PROBLEM STATEMENT> Once the pictures are set aside, transcribe each line of the listing exactly.

SUPPLIED MATERIAL>

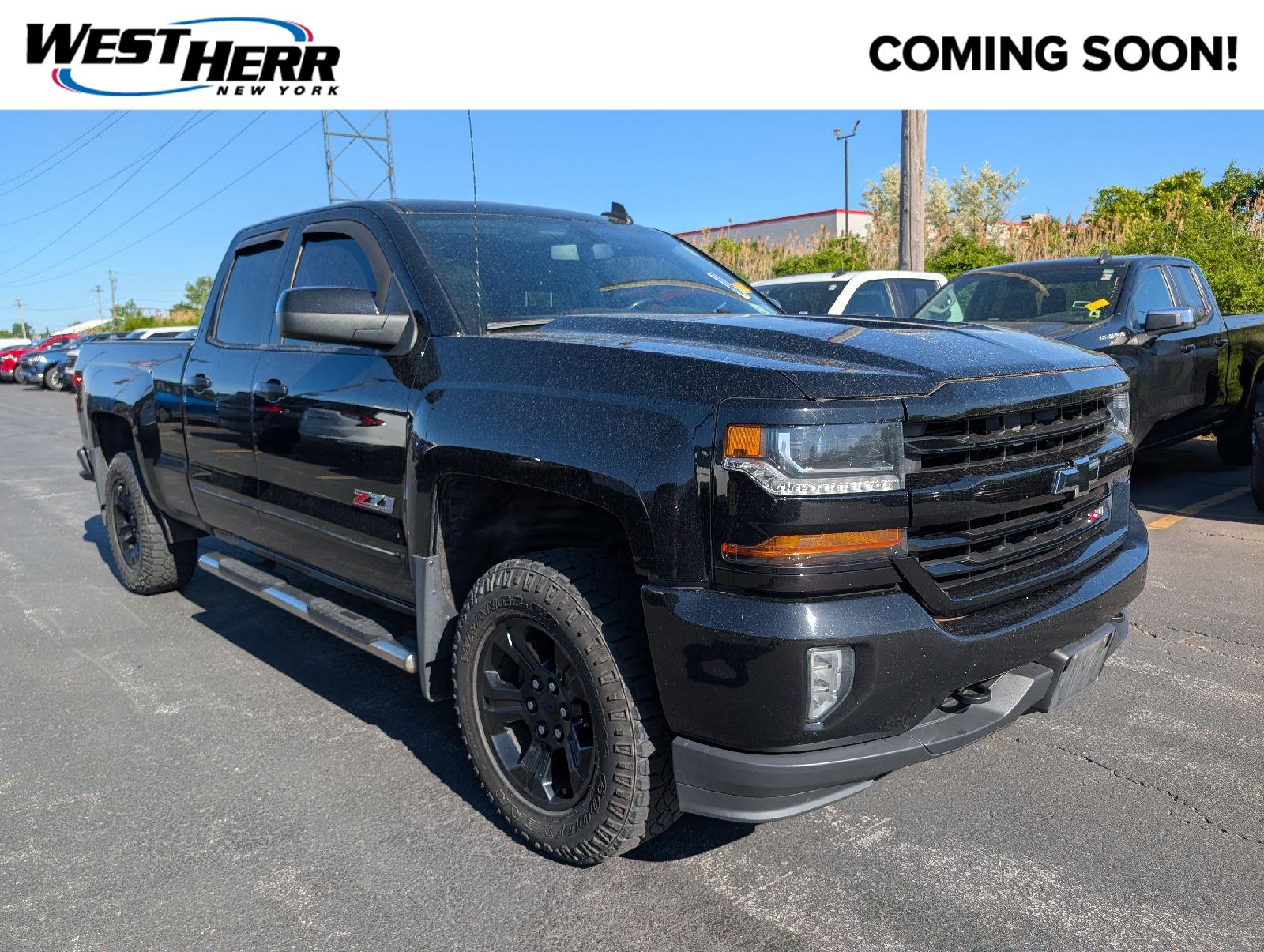 2018 Chevrolet Silverado 1500 LT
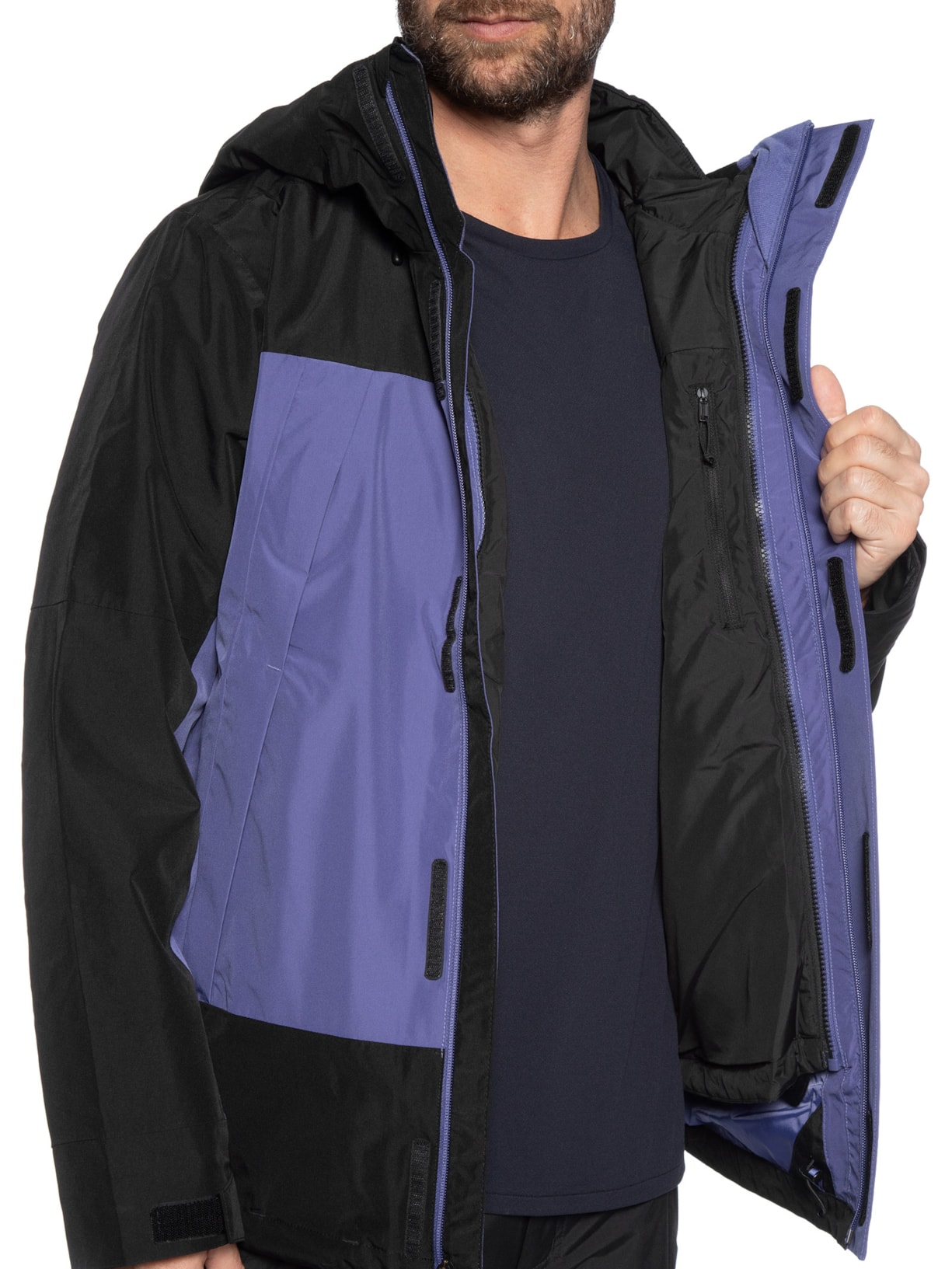 Jaqueta Masculina Clement Snow Triclimate Azul The North Face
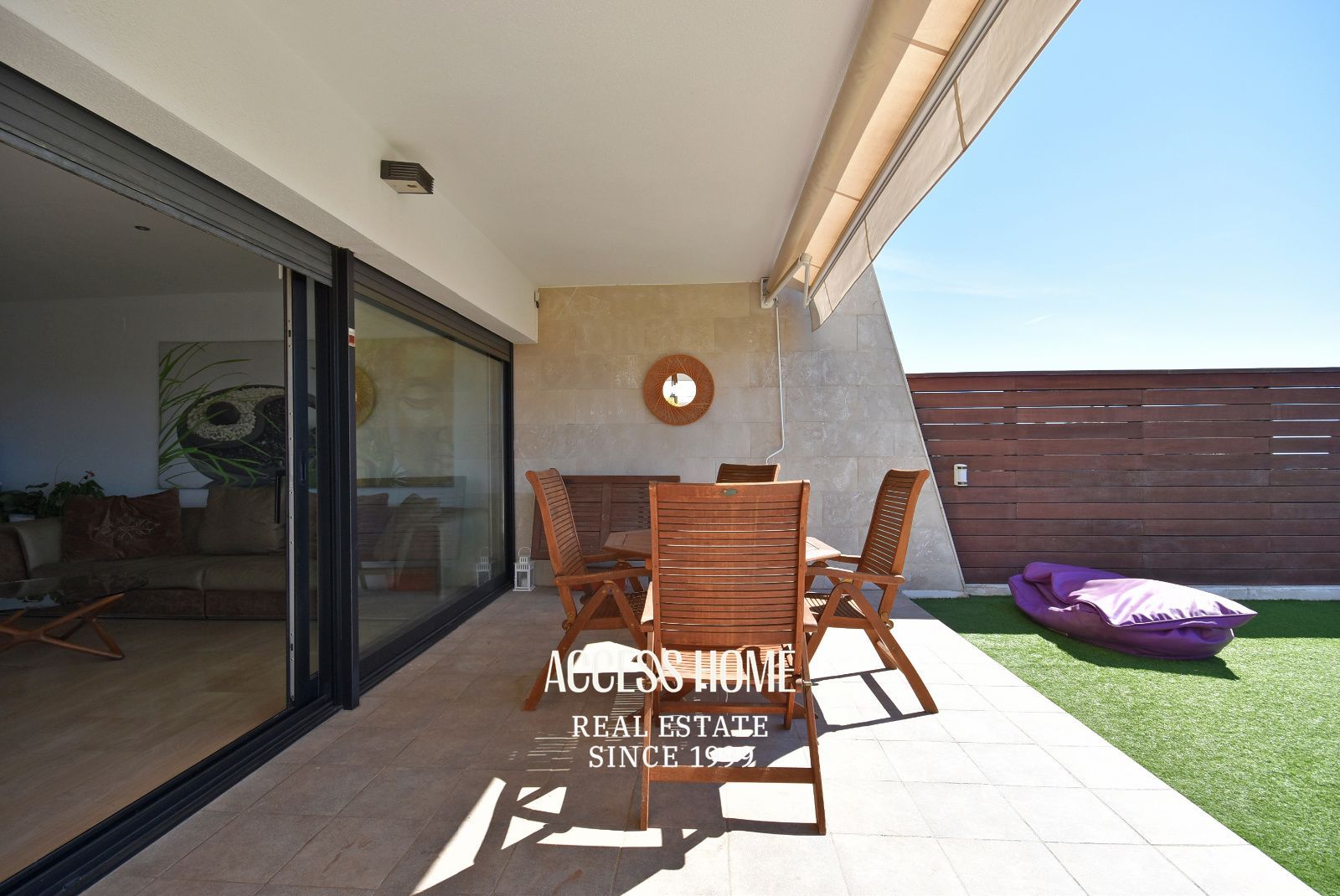 Casa a tres vientos en venta en Can Quirze, Mataró, con jardín y vistas al mar - Foto 11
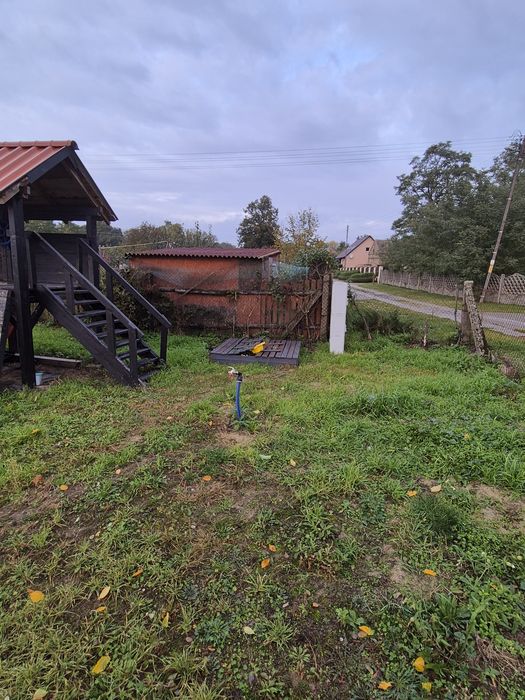 Sprzedam działkę budowlana wraz z projektem domu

TASK OUTPUT>
 2018 Chevrolet Silverado 1500 LT
 Jaqueta Masculina Clement Snow Triclimate Azul The North Face
 Casa a tres vientos en venta en Can Quirze, Mataró, con jardín y vistas al mar - Foto 11
 Sprzedam działkę budowlana wraz z projektem domu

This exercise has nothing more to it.